L’état de «situation exceptionnelle» n’a pas seulement mis les écoles et une partie de l’économie à l’arrêt. La crise a aussi figé la démocratie. La question s’est posée très vite: comment les institutions politiques peuvent-elles continuer leur travail en situation d’urgence, sans se réunir physiquement? interrogeait la conseillère nationale Doris Fiala dans une interpellation le 11 mars, peu avant l’interruption de la session de printemps.

Finalement, le parlement pourra tenir une session extraordinaire le 4 mai sur le site de Bernexpo, assez grand pour permettre aux élus d’observer les distances prescrites pas l’Office fédéral de la santé publique. Mais cette solution ne satisfait pas tout le monde. Elle suscite le débat entre ceux qui estiment que les députés feraient mieux de continuer à se confiner pour montrer l’exemple à la population, en laissant l’exécutif mener le pays, et ceux qui jugent au contraire le travail parlementaire indispensable en période troublée.

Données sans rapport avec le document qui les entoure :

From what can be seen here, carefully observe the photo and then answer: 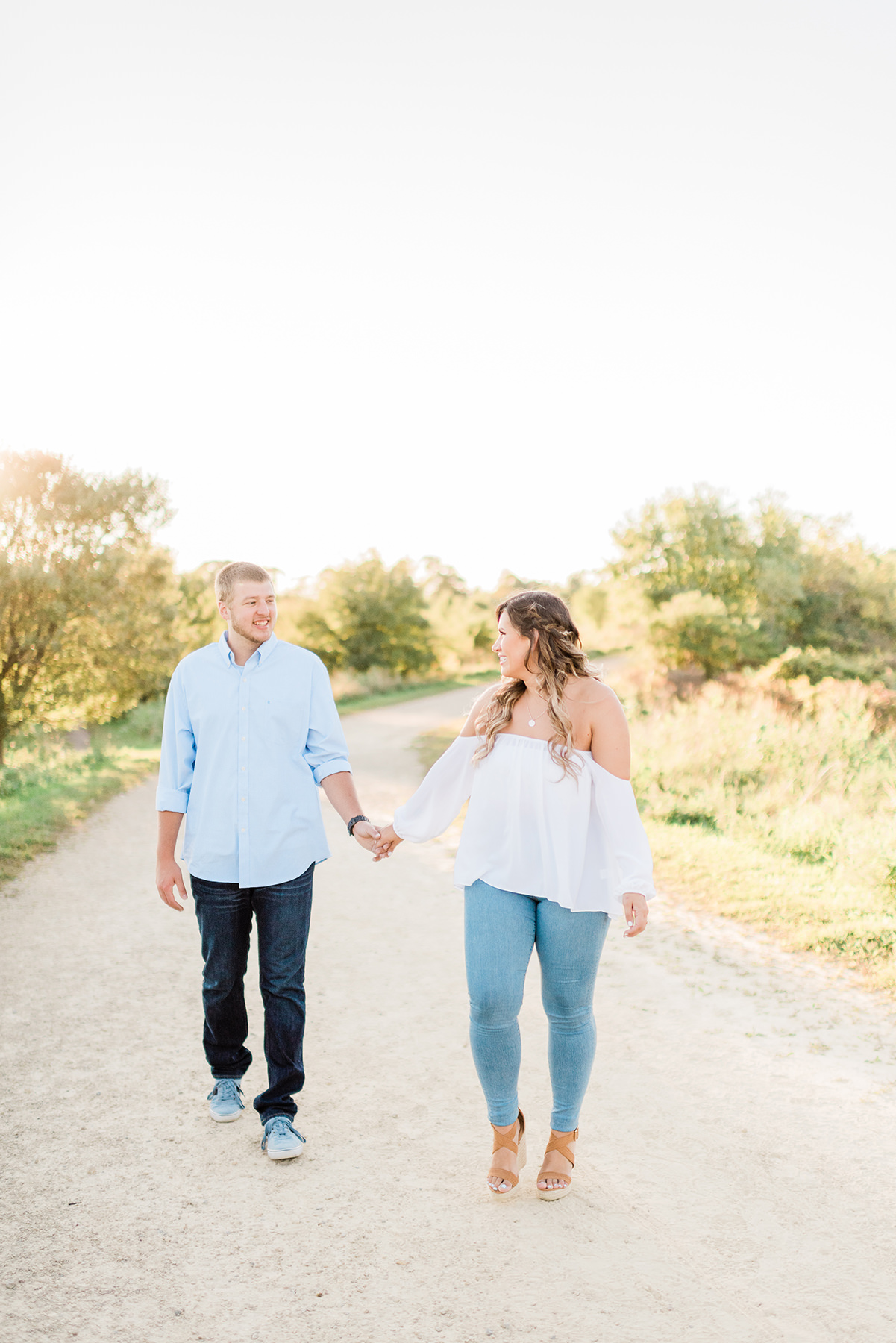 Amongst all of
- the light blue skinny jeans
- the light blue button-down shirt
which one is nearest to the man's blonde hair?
the light blue button-down shirt

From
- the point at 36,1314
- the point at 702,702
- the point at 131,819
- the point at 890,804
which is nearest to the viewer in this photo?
the point at 36,1314

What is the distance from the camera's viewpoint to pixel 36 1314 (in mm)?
2520

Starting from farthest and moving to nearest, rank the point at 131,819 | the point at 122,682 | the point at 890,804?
the point at 122,682 < the point at 131,819 < the point at 890,804

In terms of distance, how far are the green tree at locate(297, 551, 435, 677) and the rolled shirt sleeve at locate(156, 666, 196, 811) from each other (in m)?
32.8

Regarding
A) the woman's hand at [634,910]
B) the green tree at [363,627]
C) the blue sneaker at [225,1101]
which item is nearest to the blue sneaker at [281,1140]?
the blue sneaker at [225,1101]

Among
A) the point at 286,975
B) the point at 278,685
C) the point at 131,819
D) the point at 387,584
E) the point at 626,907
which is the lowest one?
the point at 131,819

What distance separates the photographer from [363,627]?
37.2m

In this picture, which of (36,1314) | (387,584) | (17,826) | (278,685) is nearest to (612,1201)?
(36,1314)

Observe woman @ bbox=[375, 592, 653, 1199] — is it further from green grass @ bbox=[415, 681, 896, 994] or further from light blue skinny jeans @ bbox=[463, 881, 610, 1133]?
A: green grass @ bbox=[415, 681, 896, 994]

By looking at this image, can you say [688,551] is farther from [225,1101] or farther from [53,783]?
[225,1101]

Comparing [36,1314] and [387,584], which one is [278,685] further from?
[387,584]

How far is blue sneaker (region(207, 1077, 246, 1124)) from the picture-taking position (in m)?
3.69

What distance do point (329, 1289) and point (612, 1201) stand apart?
1.03 m

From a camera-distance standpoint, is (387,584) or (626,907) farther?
(387,584) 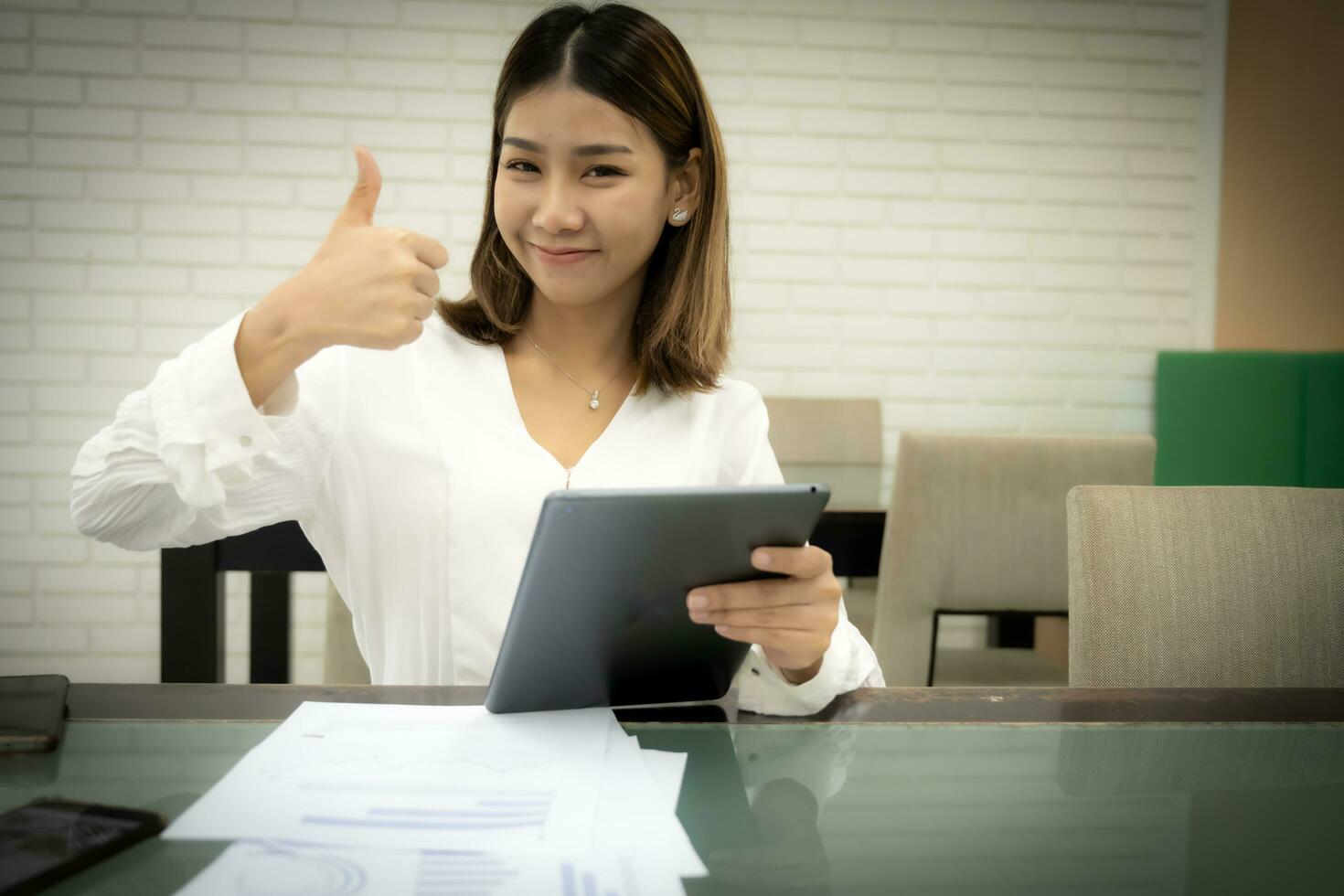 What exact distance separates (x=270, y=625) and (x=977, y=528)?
1467 millimetres

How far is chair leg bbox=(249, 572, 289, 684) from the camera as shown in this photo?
7.41 ft

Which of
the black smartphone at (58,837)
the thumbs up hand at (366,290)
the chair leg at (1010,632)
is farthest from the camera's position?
the chair leg at (1010,632)

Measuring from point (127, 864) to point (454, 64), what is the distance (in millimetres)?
3293

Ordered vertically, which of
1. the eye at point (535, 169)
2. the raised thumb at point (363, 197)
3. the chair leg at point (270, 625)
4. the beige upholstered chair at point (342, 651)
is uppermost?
the eye at point (535, 169)

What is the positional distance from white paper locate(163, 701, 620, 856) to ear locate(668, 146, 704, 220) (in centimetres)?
72

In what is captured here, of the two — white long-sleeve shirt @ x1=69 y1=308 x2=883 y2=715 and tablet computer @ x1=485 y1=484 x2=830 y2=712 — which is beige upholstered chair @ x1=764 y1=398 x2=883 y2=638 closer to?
white long-sleeve shirt @ x1=69 y1=308 x2=883 y2=715

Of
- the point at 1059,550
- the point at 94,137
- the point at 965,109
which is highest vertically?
the point at 965,109

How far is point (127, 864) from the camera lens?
19.9 inches

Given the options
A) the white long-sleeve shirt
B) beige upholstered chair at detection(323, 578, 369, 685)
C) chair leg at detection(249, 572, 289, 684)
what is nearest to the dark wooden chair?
beige upholstered chair at detection(323, 578, 369, 685)

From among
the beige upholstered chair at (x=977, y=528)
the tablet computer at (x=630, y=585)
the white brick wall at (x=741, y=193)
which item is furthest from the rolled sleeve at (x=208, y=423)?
the white brick wall at (x=741, y=193)

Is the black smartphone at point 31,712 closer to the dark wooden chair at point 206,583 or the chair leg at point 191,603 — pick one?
the dark wooden chair at point 206,583

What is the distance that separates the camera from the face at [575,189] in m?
1.14

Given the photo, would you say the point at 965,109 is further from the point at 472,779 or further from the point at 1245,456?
the point at 472,779

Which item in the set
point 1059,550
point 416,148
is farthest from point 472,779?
point 416,148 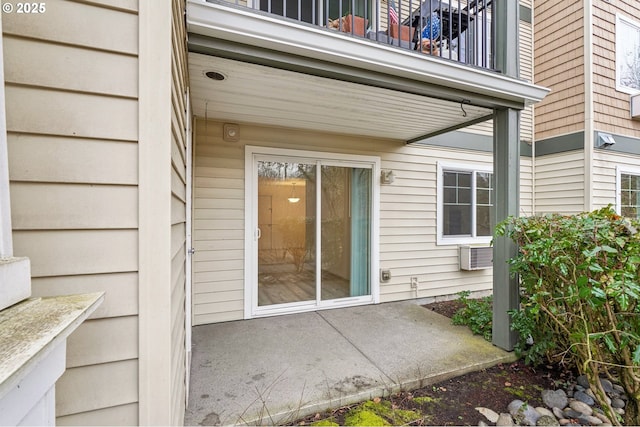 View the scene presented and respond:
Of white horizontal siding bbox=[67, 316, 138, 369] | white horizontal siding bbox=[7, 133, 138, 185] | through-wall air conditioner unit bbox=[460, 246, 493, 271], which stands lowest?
through-wall air conditioner unit bbox=[460, 246, 493, 271]

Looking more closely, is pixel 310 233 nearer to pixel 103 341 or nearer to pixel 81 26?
pixel 103 341

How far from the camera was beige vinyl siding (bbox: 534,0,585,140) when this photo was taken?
5062 millimetres

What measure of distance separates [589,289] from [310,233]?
2.73 metres

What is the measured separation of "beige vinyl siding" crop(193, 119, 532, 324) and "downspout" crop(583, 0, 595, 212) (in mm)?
885

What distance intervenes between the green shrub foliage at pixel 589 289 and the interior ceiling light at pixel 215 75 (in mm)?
2728

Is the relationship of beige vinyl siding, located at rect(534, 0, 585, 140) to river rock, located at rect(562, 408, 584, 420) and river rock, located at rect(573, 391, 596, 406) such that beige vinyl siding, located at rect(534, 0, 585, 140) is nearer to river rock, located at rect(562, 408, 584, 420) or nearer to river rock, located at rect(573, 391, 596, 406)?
river rock, located at rect(573, 391, 596, 406)

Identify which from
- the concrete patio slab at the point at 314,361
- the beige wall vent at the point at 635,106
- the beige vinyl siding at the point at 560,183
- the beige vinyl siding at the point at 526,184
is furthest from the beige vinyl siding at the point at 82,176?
the beige wall vent at the point at 635,106

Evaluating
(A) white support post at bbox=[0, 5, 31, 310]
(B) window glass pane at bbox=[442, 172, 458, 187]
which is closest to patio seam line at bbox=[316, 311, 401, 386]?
(A) white support post at bbox=[0, 5, 31, 310]

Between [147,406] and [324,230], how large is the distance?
120 inches

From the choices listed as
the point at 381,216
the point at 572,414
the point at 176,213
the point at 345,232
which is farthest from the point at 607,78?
the point at 176,213

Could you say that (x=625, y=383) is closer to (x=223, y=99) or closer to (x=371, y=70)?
(x=371, y=70)

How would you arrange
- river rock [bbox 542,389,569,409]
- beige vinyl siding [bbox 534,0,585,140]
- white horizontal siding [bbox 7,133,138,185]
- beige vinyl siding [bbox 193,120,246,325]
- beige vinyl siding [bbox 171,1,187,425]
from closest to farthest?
white horizontal siding [bbox 7,133,138,185], beige vinyl siding [bbox 171,1,187,425], river rock [bbox 542,389,569,409], beige vinyl siding [bbox 193,120,246,325], beige vinyl siding [bbox 534,0,585,140]

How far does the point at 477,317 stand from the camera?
3.45m

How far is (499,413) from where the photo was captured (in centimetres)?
208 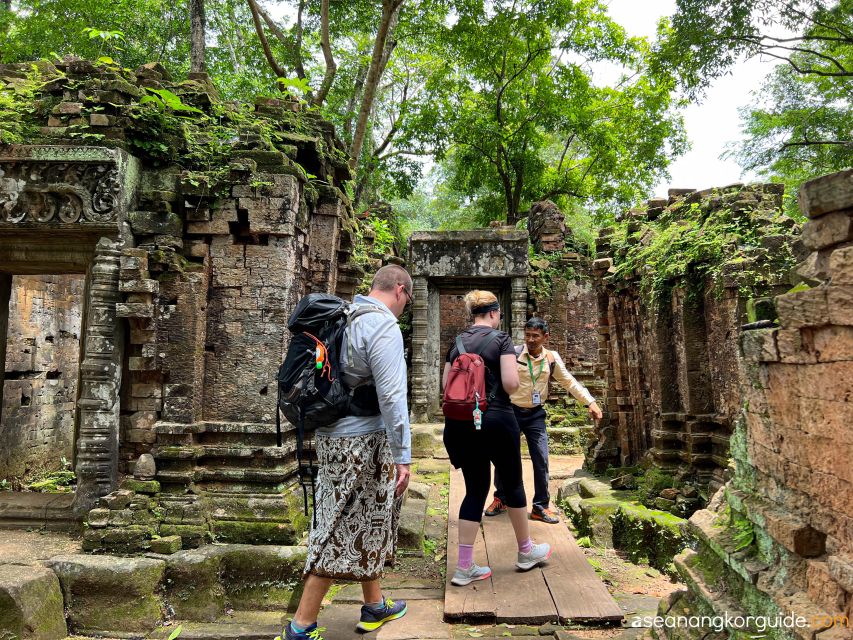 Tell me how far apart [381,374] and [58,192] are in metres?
3.72

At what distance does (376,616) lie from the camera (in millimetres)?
3521

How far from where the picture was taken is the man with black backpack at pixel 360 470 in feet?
10.4

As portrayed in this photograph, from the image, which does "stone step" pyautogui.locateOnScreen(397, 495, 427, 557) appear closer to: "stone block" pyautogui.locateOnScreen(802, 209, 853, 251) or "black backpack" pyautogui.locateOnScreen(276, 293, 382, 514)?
"black backpack" pyautogui.locateOnScreen(276, 293, 382, 514)

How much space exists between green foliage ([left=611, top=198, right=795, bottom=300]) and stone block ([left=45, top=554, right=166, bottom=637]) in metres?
5.58

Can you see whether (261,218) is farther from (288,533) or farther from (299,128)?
(288,533)

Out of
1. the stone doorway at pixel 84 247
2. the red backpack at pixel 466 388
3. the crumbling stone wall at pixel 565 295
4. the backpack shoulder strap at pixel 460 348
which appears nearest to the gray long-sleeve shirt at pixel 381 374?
the red backpack at pixel 466 388

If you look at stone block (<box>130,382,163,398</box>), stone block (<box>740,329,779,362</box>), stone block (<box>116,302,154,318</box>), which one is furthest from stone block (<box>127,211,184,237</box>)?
stone block (<box>740,329,779,362</box>)

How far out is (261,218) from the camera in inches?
205

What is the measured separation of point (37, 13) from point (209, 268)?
15.5 meters

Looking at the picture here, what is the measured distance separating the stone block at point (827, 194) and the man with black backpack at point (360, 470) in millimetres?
2035

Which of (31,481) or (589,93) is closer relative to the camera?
(31,481)

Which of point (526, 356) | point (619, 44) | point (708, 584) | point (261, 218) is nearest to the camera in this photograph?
point (708, 584)

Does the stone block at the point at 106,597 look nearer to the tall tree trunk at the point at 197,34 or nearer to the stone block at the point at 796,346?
the stone block at the point at 796,346

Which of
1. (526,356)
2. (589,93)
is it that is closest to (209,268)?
(526,356) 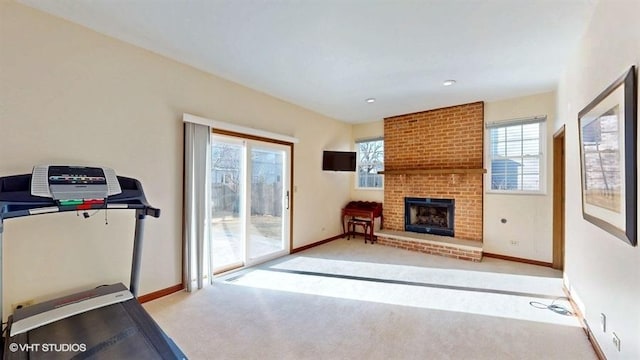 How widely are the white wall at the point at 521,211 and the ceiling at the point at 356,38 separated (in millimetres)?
407

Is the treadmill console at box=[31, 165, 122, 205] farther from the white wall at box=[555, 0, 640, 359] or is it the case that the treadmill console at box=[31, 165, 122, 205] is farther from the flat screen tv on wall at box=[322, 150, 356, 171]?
the flat screen tv on wall at box=[322, 150, 356, 171]

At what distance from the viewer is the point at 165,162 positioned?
3148 mm

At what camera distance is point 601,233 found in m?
2.12

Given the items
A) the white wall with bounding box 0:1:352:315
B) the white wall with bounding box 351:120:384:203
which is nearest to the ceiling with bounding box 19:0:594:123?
the white wall with bounding box 0:1:352:315

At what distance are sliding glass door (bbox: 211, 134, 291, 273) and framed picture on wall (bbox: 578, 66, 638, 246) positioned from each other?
12.3 ft

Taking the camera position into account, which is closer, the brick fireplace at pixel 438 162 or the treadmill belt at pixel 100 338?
the treadmill belt at pixel 100 338

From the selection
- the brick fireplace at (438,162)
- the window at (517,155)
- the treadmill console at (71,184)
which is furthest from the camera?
the brick fireplace at (438,162)

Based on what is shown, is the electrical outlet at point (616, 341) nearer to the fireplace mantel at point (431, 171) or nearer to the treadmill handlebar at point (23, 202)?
the fireplace mantel at point (431, 171)

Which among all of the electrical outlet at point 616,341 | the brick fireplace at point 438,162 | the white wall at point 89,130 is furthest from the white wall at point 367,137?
the electrical outlet at point 616,341

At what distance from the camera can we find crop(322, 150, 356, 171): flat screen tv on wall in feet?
18.7

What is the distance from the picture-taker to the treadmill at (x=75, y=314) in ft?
5.65

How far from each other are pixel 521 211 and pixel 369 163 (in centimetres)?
305

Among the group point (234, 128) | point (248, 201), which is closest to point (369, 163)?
point (248, 201)

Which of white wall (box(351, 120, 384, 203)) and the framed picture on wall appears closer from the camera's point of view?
the framed picture on wall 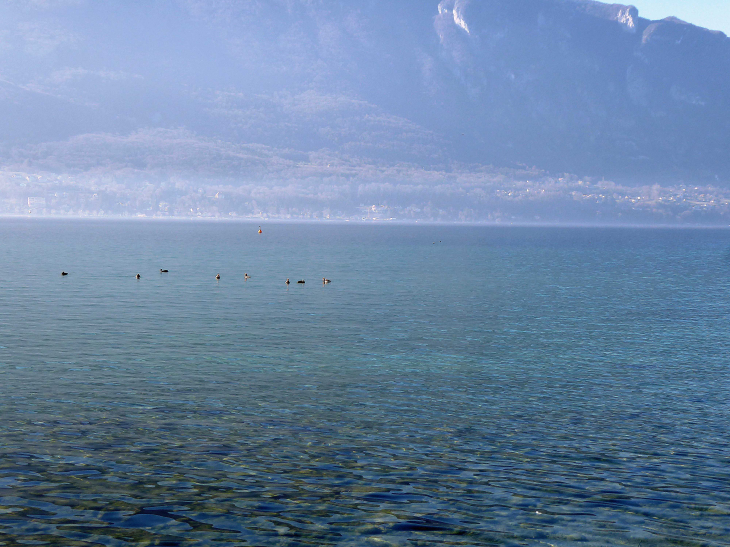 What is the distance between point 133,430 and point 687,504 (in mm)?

«Soit on se met en danger, soit on renonce à nos droits. Ce n’est pas idéal. Nous devrions trouver des alternatives, pour qu’au moins les commissions puissent continuer à faire leur travail», pense quant à elle Min Li Marti, conseillère nationale socialiste zurichoise. Dans le canton de Zurich, le législatif a siégé au Hallenstadion lundi dernier lors d’une session rediffusée par vidéo. Tables espacées de deux mètres, micros désinfectés après chaque intervention à la tribune: malgré ces mesures, un grand nombre d’élus ont manqué à l’appel, souvent parce qu’ils font partie des personnes à risque.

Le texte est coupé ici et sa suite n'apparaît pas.